## Exercise brief
Required from the data below: the exact lines starting at the line containing "Flamingo f-110248 - Jouet" and ending at the line containing "Less People, More Cats Coaster", with both ends kept and all pictures dropped.

Material to process below:

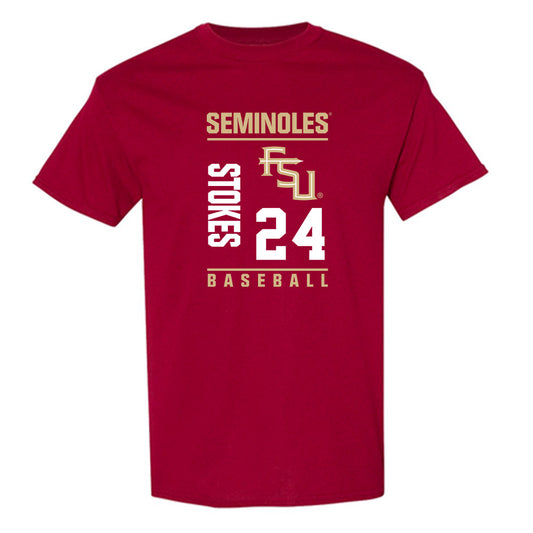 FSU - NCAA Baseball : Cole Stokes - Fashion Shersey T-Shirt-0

End of Material to process.
Material to process below:

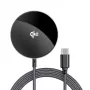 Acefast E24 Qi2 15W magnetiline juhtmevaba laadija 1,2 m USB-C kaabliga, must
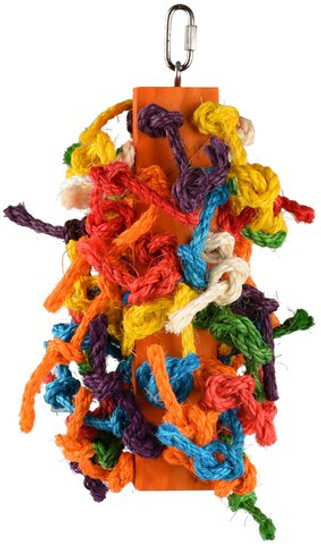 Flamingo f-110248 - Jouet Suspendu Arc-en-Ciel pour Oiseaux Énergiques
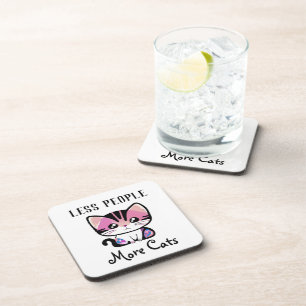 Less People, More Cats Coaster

End of Material to process.
Material to process below:

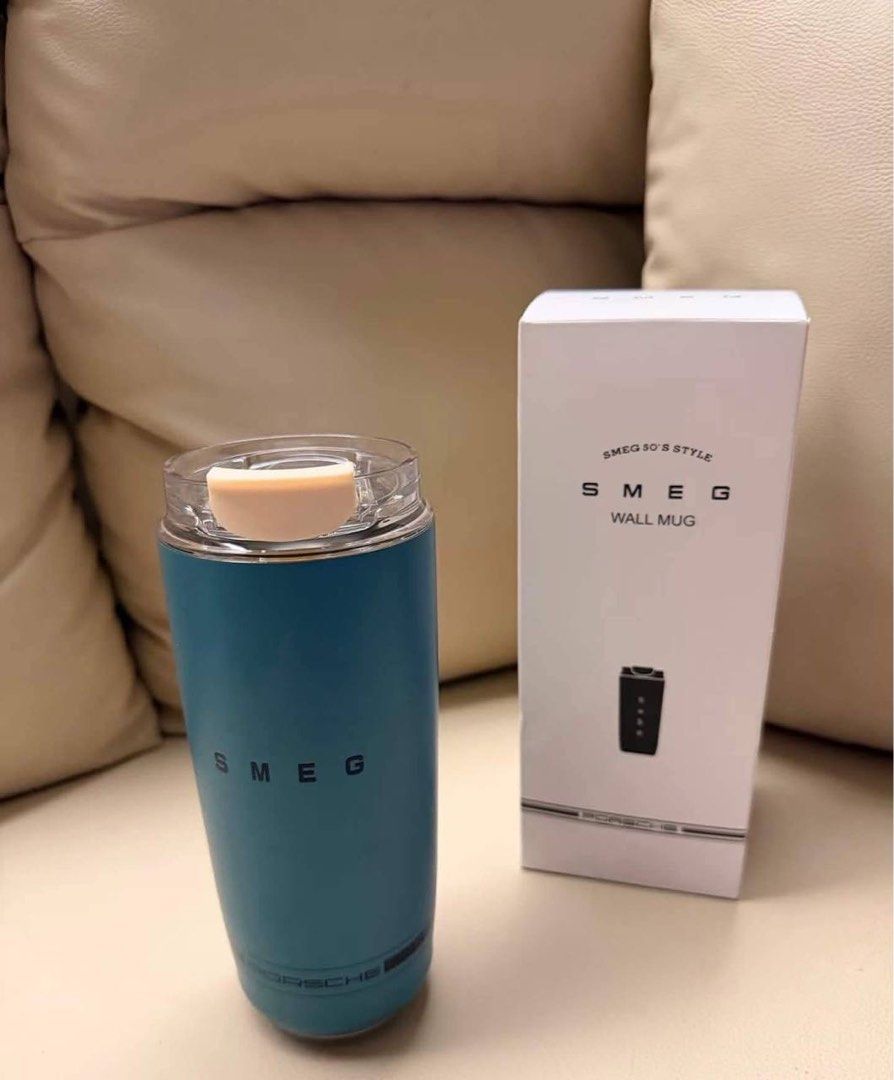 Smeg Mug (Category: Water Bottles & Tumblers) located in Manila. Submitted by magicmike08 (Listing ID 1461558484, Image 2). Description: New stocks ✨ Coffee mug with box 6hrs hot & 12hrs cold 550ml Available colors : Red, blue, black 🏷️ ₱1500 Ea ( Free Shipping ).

End of Material to process.

## Written reply
 Flamingo f-110248 - Jouet Suspendu Arc-en-Ciel pour Oiseaux Énergiques
 Less People, More Cats Coaster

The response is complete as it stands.